EXERCISE BRIEF ->
No pictures belong in the copy. Retype exactly, and only, the stretch of lines below from the one with "Caramelised figs with" through the one with "a mirror reflecting".
── SUPPLIED MATERIAL ──
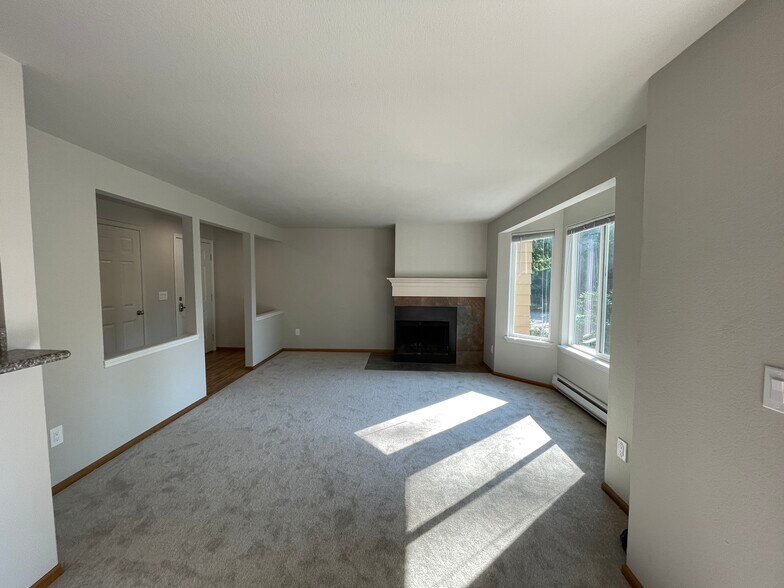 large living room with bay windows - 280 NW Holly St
───
── SUPPLIED MATERIAL ──
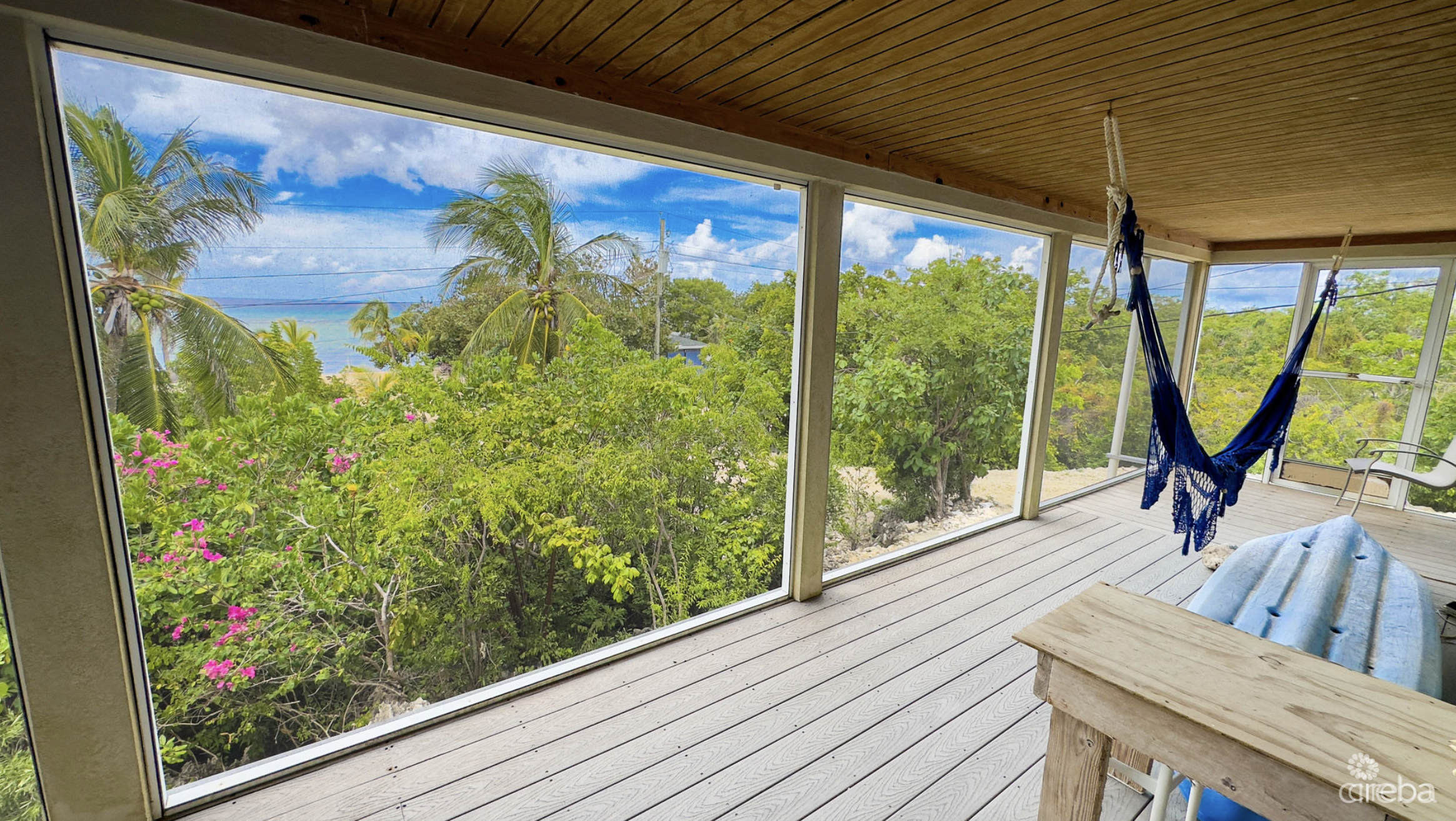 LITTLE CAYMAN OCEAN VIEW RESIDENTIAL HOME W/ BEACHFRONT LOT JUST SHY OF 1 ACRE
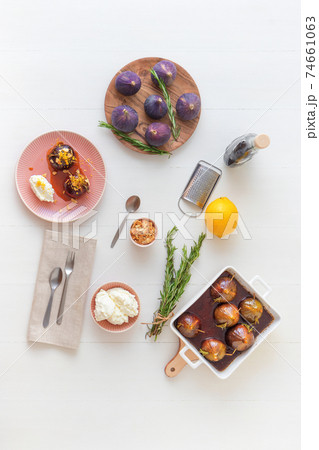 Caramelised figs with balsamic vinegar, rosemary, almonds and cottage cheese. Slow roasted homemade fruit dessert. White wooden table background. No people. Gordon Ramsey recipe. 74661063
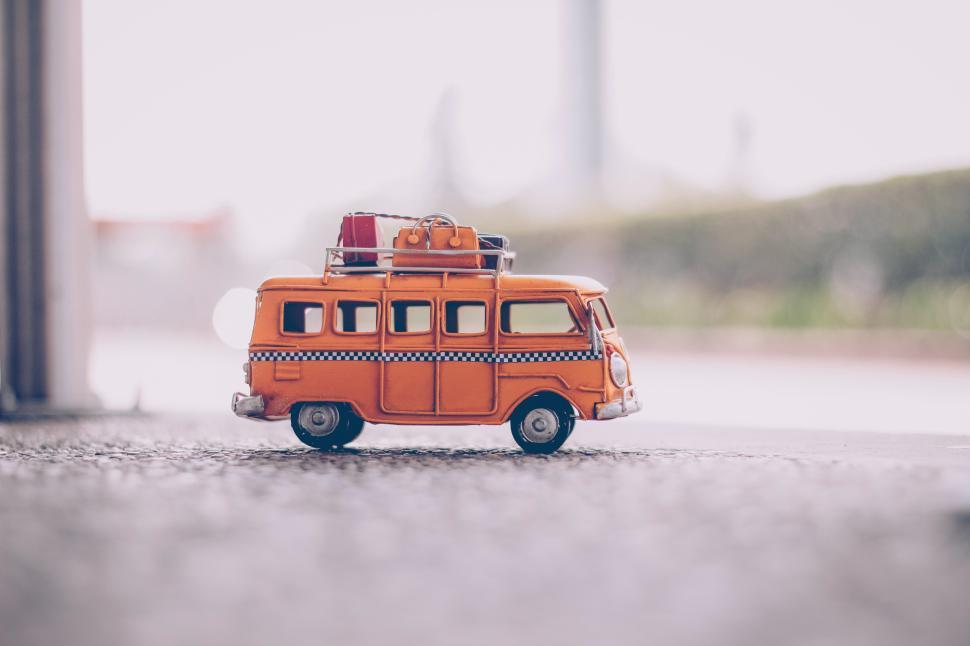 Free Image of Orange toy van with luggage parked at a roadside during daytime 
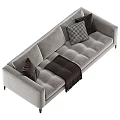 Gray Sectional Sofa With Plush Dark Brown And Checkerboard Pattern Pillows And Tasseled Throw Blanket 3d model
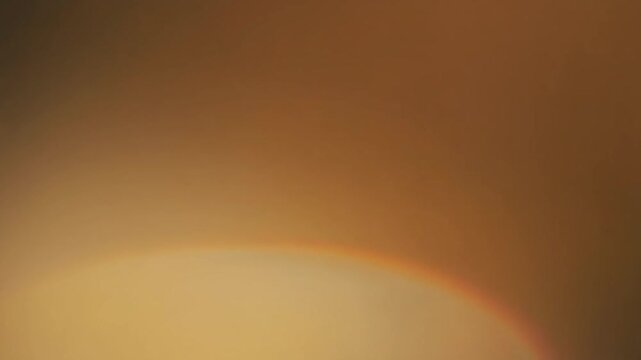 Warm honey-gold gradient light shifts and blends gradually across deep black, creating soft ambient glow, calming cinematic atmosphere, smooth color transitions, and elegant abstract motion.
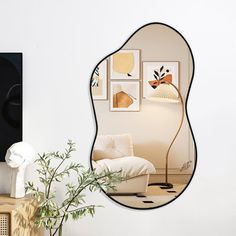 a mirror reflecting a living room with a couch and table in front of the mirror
───
── SUPPLIED MATERIAL ──
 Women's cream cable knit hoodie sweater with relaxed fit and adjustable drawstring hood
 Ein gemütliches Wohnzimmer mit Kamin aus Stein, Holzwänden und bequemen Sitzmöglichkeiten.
───
ANSWER TO THIS TASK ->
 Caramelised figs with balsamic vinegar, rosemary, almonds and cottage cheese. Slow roasted homemade fruit dessert. White wooden table background. No people. Gordon Ramsey recipe. 74661063
 Free Image of Orange toy van with luggage parked at a roadside during daytime 
 Gray Sectional Sofa With Plush Dark Brown And Checkerboard Pattern Pillows And Tasseled Throw Blanket 3d model
 Warm honey-gold gradient light shifts and blends gradually across deep black, creating soft ambient glow, calming cinematic atmosphere, smooth color transitions, and elegant abstract motion.
 a mirror reflecting a living room with a couch and table in front of the mirror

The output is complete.